A version of Dominion Theology that is a relatively extreme aspect of the Christian Right and effectively theocratic. It is chiefly an American movement spelled out by Armenian-American R. J. Rushdoony (1916-2001) in the 1960's and 1970's and calls for a nation's laws and society to be based on the Ten Commandments as applied through the interpretations of a religious elite to everyday situations; necessarily, it rejects democracy and any form of secular political philosophy as an ideal foundation for government. Christian Reconstructionism's ideal society would include the elimination of public schools, the denial of full citizenship to non-Christians, and the death penalty for adultery, performing or having an abortion, blasphemy, homosexuality, heresy, and even persistant rebelliousness against ones parents, with the definitions of these terms and offenses being crafted by the religious elite.
Christian Reconstructionists, as is the case with many though not all members of the Christian Right, insist that the United States was founded as a Christian nation. (see AU.org "Is America a 'Christian Nation'")

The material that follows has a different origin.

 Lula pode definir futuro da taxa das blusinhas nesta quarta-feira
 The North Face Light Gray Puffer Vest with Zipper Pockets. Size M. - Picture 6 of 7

note. Christian Reconstructionism's distant origins can be seen in the thought and governance of former Dutch Prime Minister Abraham Kuyper (1837-1920) and the writings of Dutch-American Christian apologist Cornelius Van Til (1895-1987), which influenced Rushdoony.
from Frederick Clarkson's "Theocratic Dominionism Gains Influence" (full article)
Many on the Christian Right are unaware that they hold Reconstructionist ideas. Because as a theology it is controversial, even among evangelicals, many who are consciously influenced by it avoid the label. This furtiveness is not, however, as significant as the potency of the ideology itself.
[Prominent Christian Reconstructionist] Gary North claims that "the ideas of the Reconstructionists have penetrated into Protestant circles that for the most part are unaware of the original source of the theological ideas that are beginning to transform them." North describes the "three major legs of the Reconstructionist movement" as "the Presbyterian oriented educators, the Baptist school headmasters and pastors, and the charismatic telecommunications system."
(see Bruce Prescott "Christian Reconstructionism")
(see The Religious Movements Page "Christian Reconstructionism")
(see ReligiousTolerance.org "Christian Reconstructionism, Dominion Theology, and Theonomy")
(see Frederick Clarkson's, "The Rise of Dominionism: Remaking America as a Christian Nation")
(see the chart of sectors of the U.S. rightwing, including Christian Reconstructionists, here)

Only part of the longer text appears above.